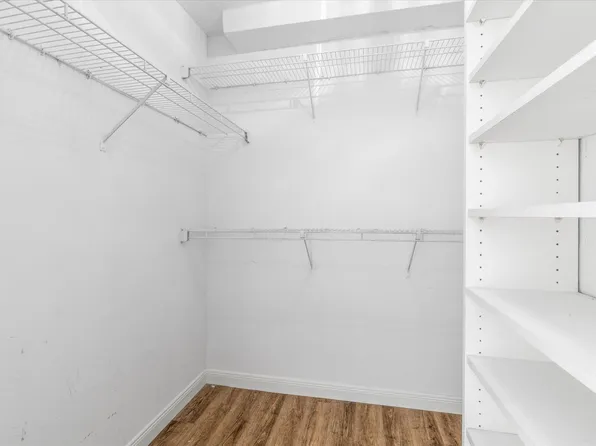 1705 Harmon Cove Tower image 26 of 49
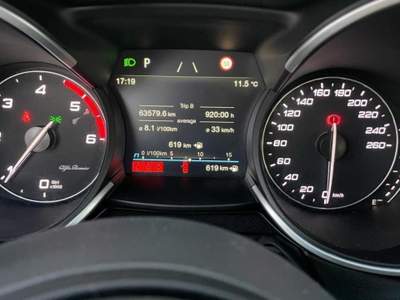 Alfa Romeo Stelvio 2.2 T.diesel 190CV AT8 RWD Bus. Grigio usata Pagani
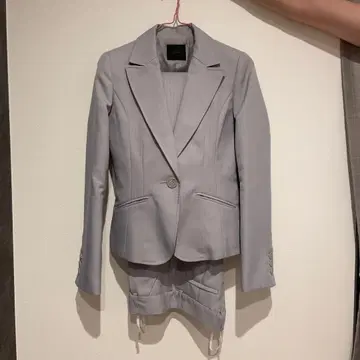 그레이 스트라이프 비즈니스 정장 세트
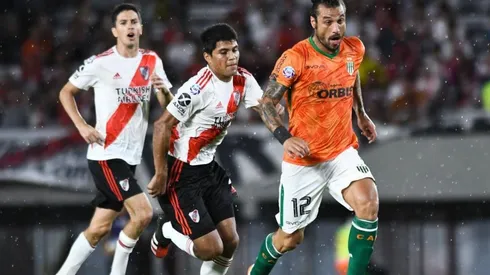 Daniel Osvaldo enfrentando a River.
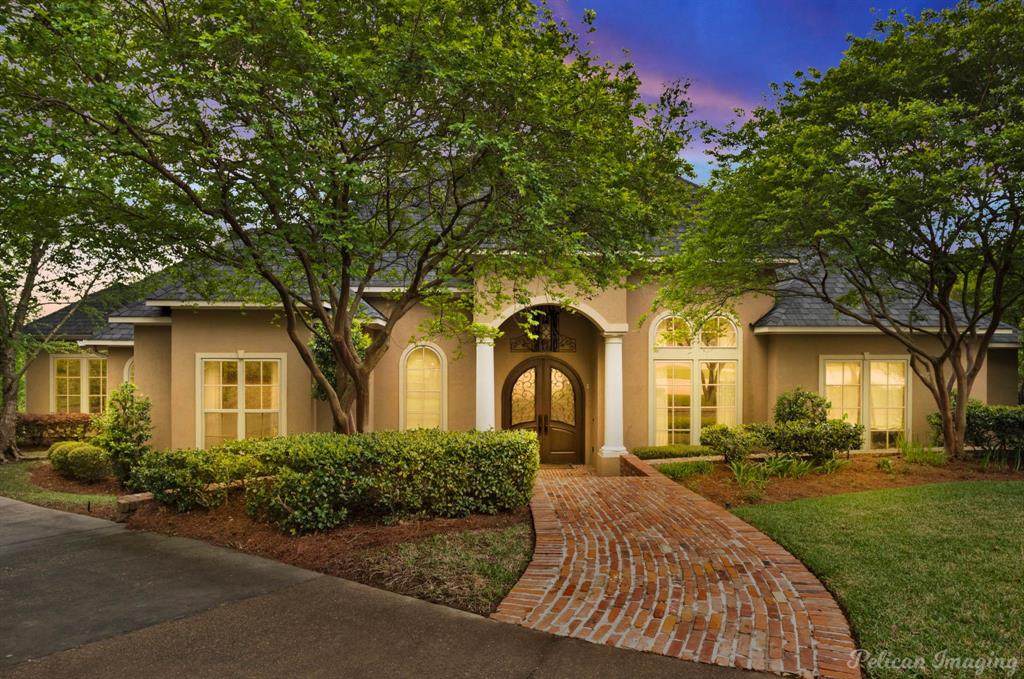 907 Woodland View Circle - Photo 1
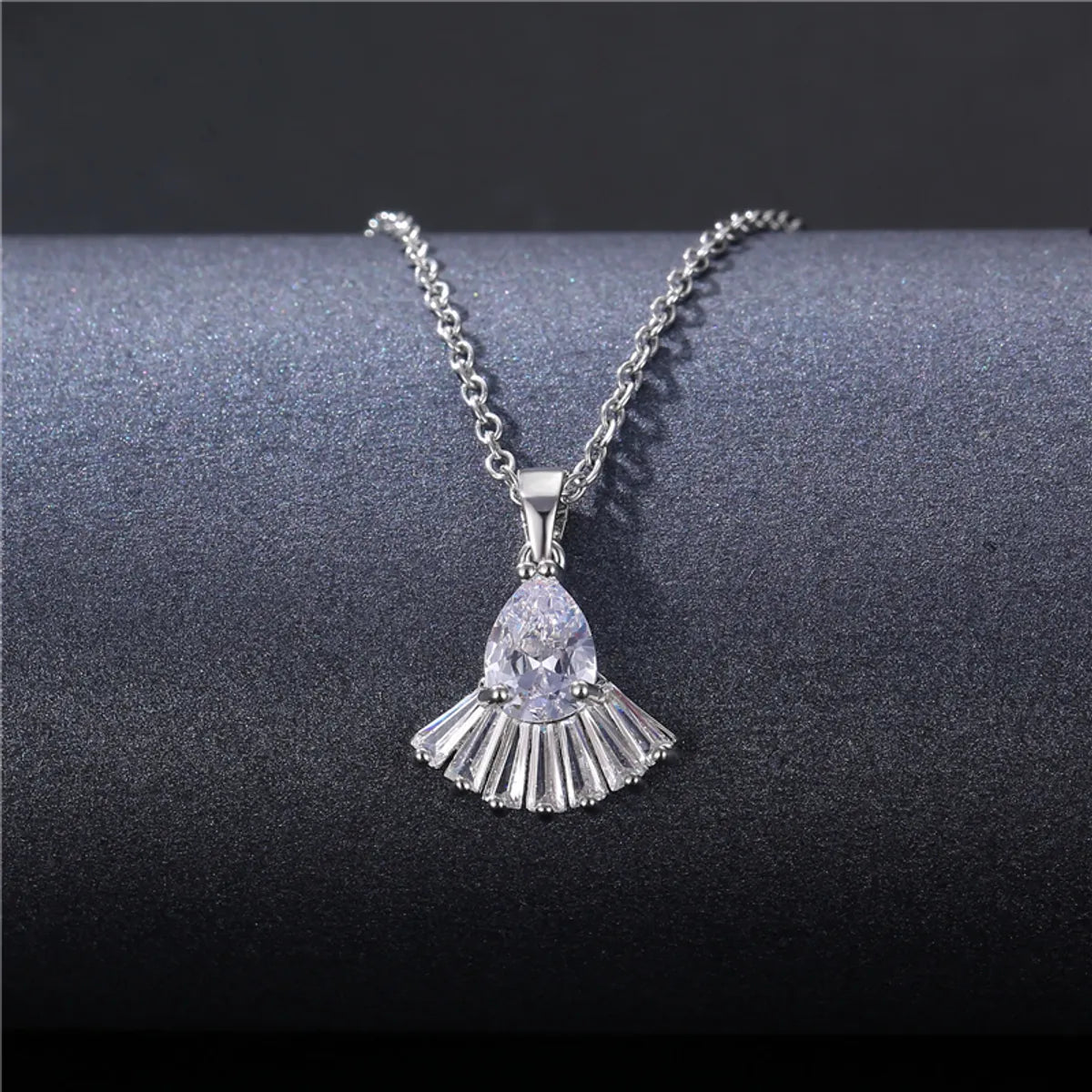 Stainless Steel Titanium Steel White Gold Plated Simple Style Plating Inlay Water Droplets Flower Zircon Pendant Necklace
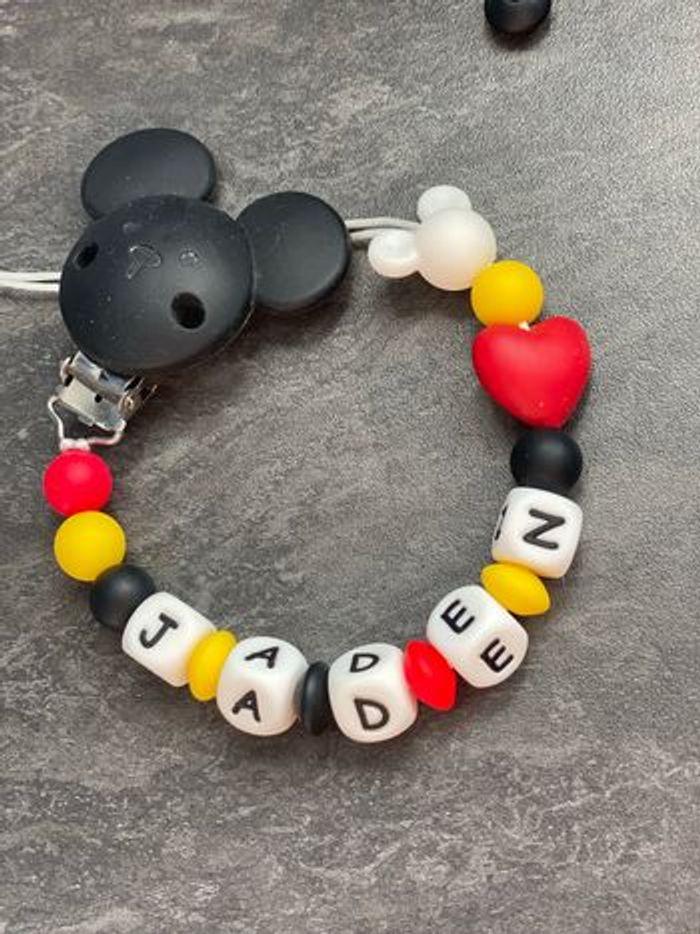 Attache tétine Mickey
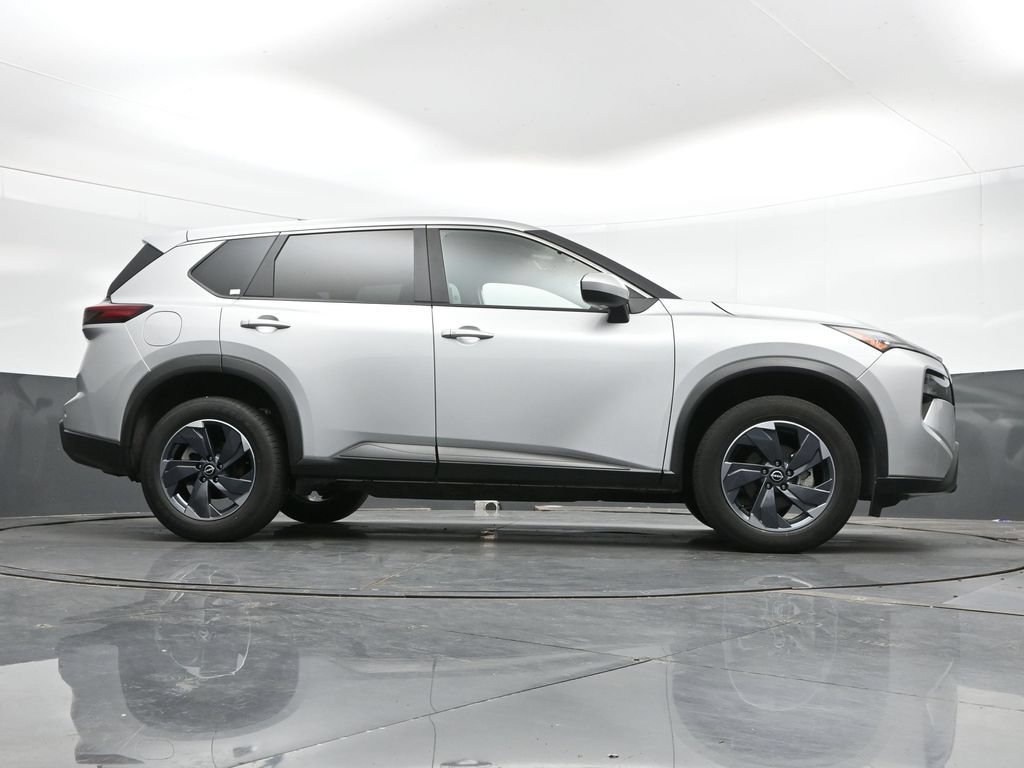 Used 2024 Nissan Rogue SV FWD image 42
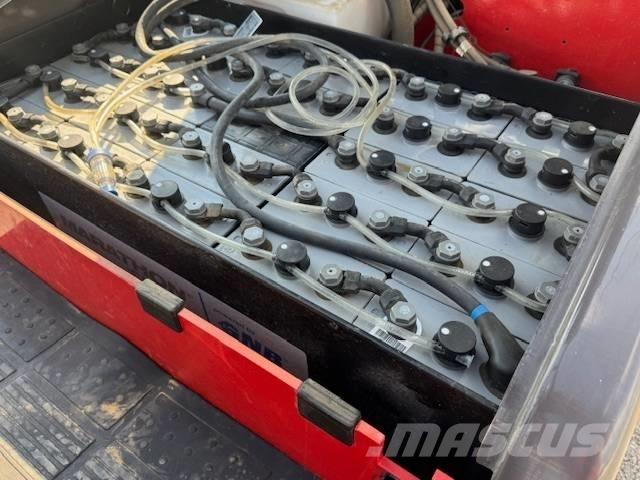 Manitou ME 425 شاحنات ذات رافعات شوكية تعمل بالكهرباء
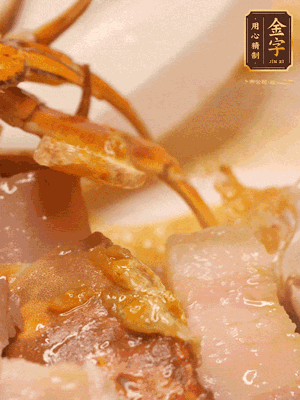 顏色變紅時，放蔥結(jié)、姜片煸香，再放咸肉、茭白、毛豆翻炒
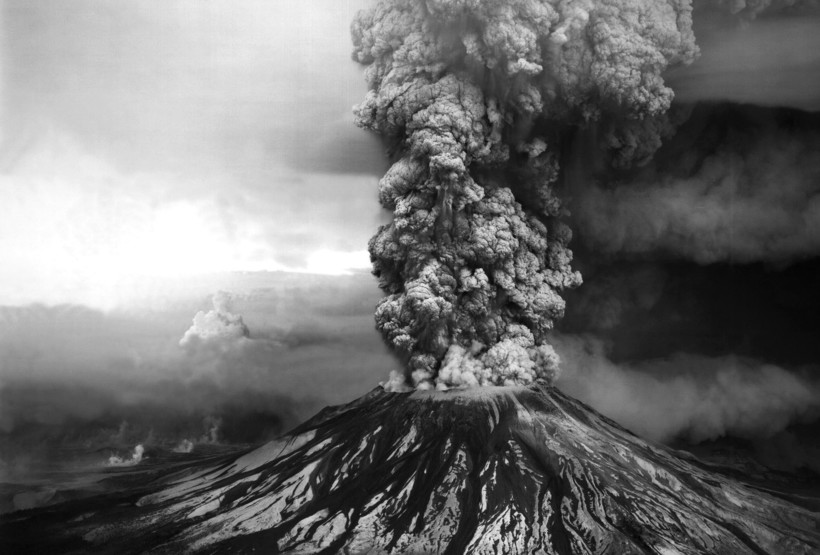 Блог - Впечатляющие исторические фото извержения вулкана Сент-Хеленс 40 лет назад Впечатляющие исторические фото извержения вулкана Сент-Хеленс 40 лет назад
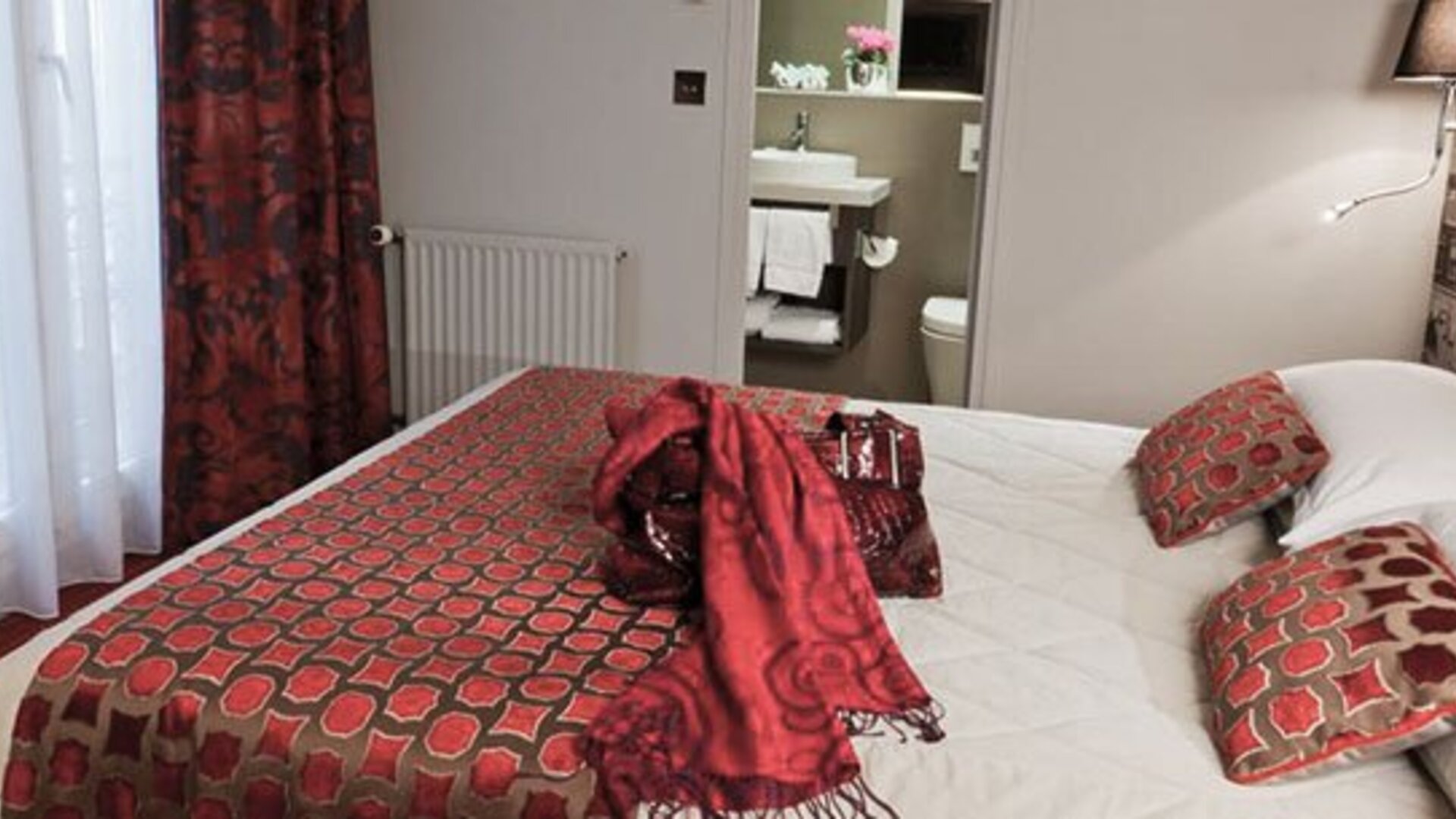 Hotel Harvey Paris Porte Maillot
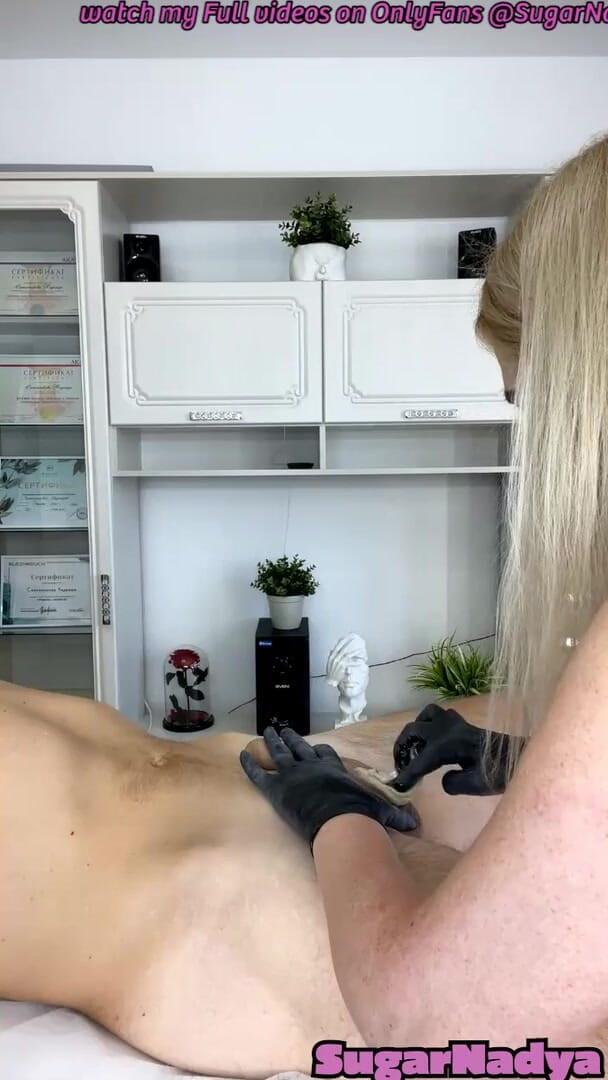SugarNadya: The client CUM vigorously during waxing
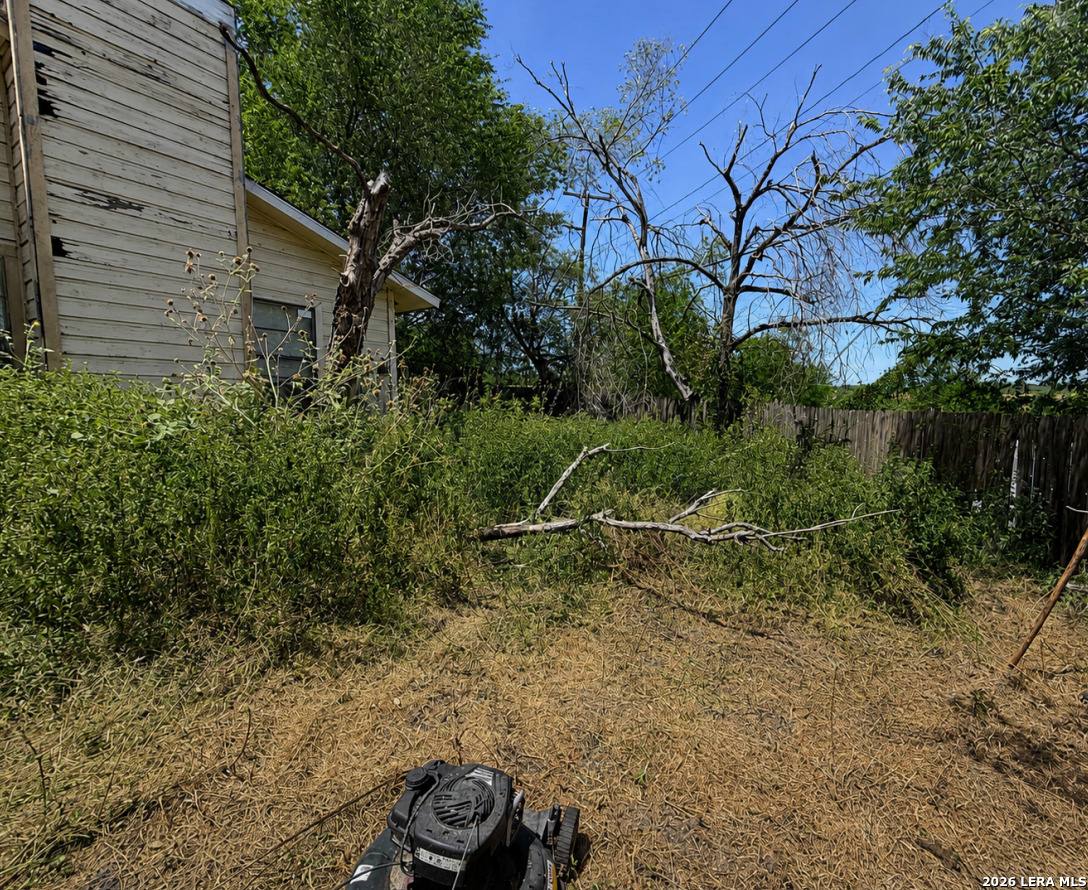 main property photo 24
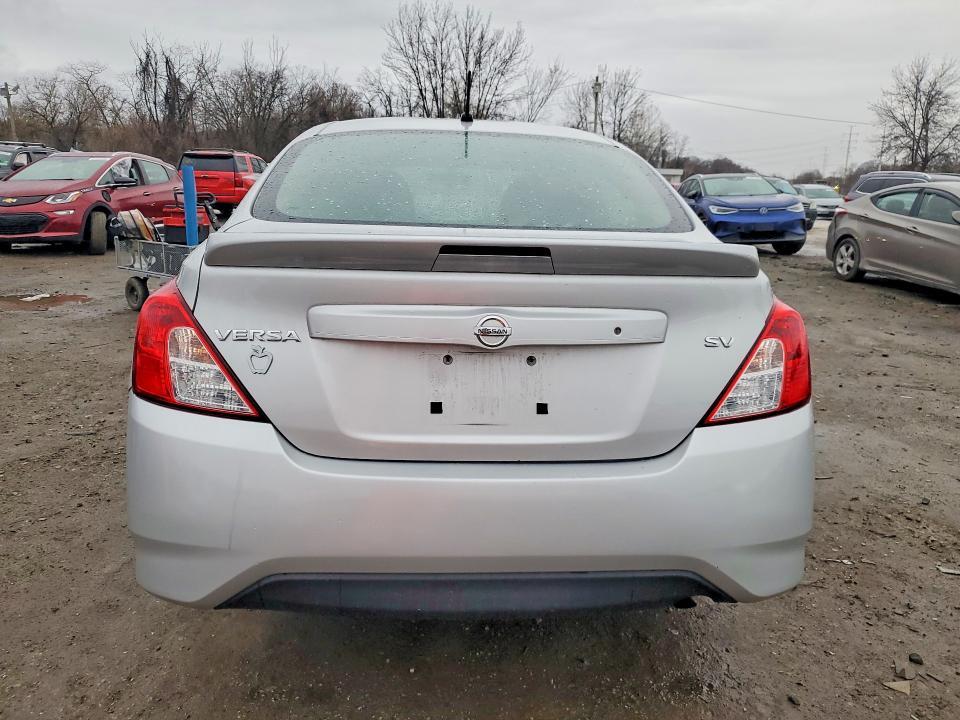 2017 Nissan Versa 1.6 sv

* **WHAT NEEDS TO BE DONE**: Your copy should consist solely of the lines from the line containing "그레이 스트라이프 비즈니스 정장 세트" through the last line of the records above, reproduced exactly, with the pictures left out.

* **FINISHED EXERCISE**:
 그레이 스트라이프 비즈니스 정장 세트
 Daniel Osvaldo enfrentando a River.
 907 Woodland View Circle - Photo 1
 Stainless Steel Titanium Steel White Gold Plated Simple Style Plating Inlay Water Droplets Flower Zircon Pendant Necklace
 Attache tétine Mickey
 Used 2024 Nissan Rogue SV FWD image 42
 Manitou ME 425 شاحنات ذات رافعات شوكية تعمل بالكهرباء
 顏色變紅時，放蔥結(jié)、姜片煸香，再放咸肉、茭白、毛豆翻炒
 Блог - Впечатляющие исторические фото извержения вулкана Сент-Хеленс 40 лет назад Впечатляющие исторические фото извержения вулкана Сент-Хеленс 40 лет назад
 Hotel Harvey Paris Porte Maillot
SugarNadya: The client CUM vigorously during waxing
 main property photo 24
 2017 Nissan Versa 1.6 sv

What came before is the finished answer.